Последняя Глава Царя Соломона

Юра Кацъ
... торжествуй, дочь Ерушалаима, Царь твой грядет к тебе
праведный и спасающий, нищий и сидящий на ослице
и на молодом осле, сыне подъяремной.

Захария 9:9


   
   Дом Иакова, вышедший из Ханаана и пришедший в Египет в количестве семидесяти душ, через семь поколений вернулся оттуда пяти-миллионным народом; ибо на каждого, из шестисот двадцати одной тысячи "мочившихся на стену" (не выпуская при этом копья из другой руки) приходились еще в виде приложения женщины, старики и дети, юродивые, расслабленные, которые хоть в счёт и не шли, но тем не менее требовали свое.

   Весьма укрепившись телом, но едва  избегнув полного разложения духа на жирных черноземах Великой Реки, они вернулись на красную глину земли Обетования, расселились по ней и, согласно заповеди, наполнили ее собою.

   Еще через семь поколений в священном городе Шаломе, в великолепном царском дворце, развернутом лицом к недавно построенному Храму Единого Бога, завершал свое царство великий царь Шломиягу, по прозвищу "Лев Иудейский", полученному им за кудлатую гриву цвета спаленной солнцем травы и за то, что в щит своего отца на городских воротах впаял отлитую из бронзы львиную морду.

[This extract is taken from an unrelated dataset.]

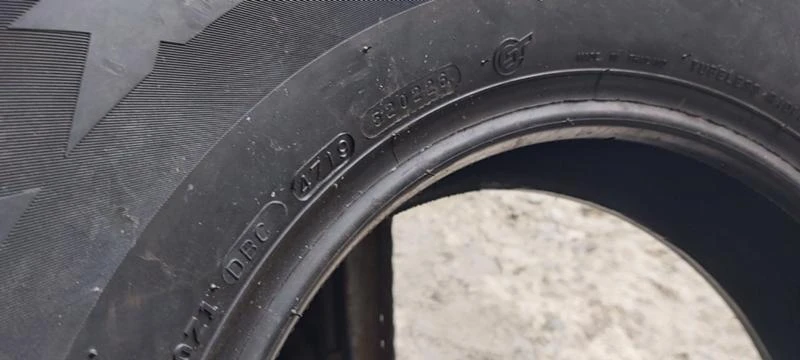 Гуми Всесезонни 235/75R15, снимка 7 - Гуми и джанти - 33438118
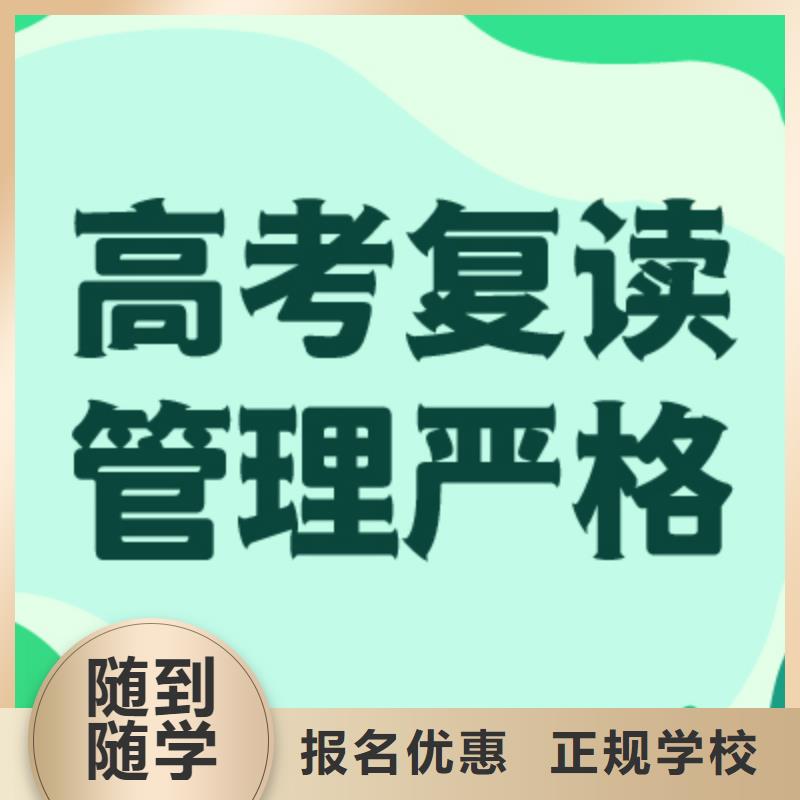 高考复读冲刺班一年多少钱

    Другое прозвище, "Экклезиаст", пристало к нему благодаря его проповедническому дару и за попытку править народом одною лишь проповедью, без раскаленных железных прутьев и вымоченных пальмовых розог.

    Давид, его отец, обрёл этот город и этот щит только в старости, тогда как в сильные свои годы больше славен был мечом, которым так расширил границы Государства, что  немногочисленному войску стало невмоготу сдерживать покоренные народы по перифериям. Говорили, что ратными удачами своими, не менее, чем мечу, обязан он сладкозвучной арфе, купившей своими песнями ухо Всевышнего, обеспечив певцу поддержку небес во всех его предприятиях.

    Во всех, кроме одного: пролитая им в боях кровь не позволяла ему построить Дом Божий. Ибо примесь крови всё делает некошерным, и руки, которые ею запятнаны, если и пригодны к какому строительству, так это только свинарников; к возведению храма такие руки не допускались; римляне называли это люстрацией. На его мирного, незапятнанного по малолетству сына закон тот не переходил.

    Шломиягу хотел было, не марая руки неизбежной кровью усмирения покоренных племен, дать им свободу, и освободить голову для управления собственным непростым, беспокойном народом, но, по здравом рассуждении, посоветовавшись с мудрецами, понял, что тут, на востоке такое не прокатит. Как только эти рабы выпрямят спину, то как крысы, со всех сторон набросятся на Метрополию и будут  терзать и грызть со всех сторон.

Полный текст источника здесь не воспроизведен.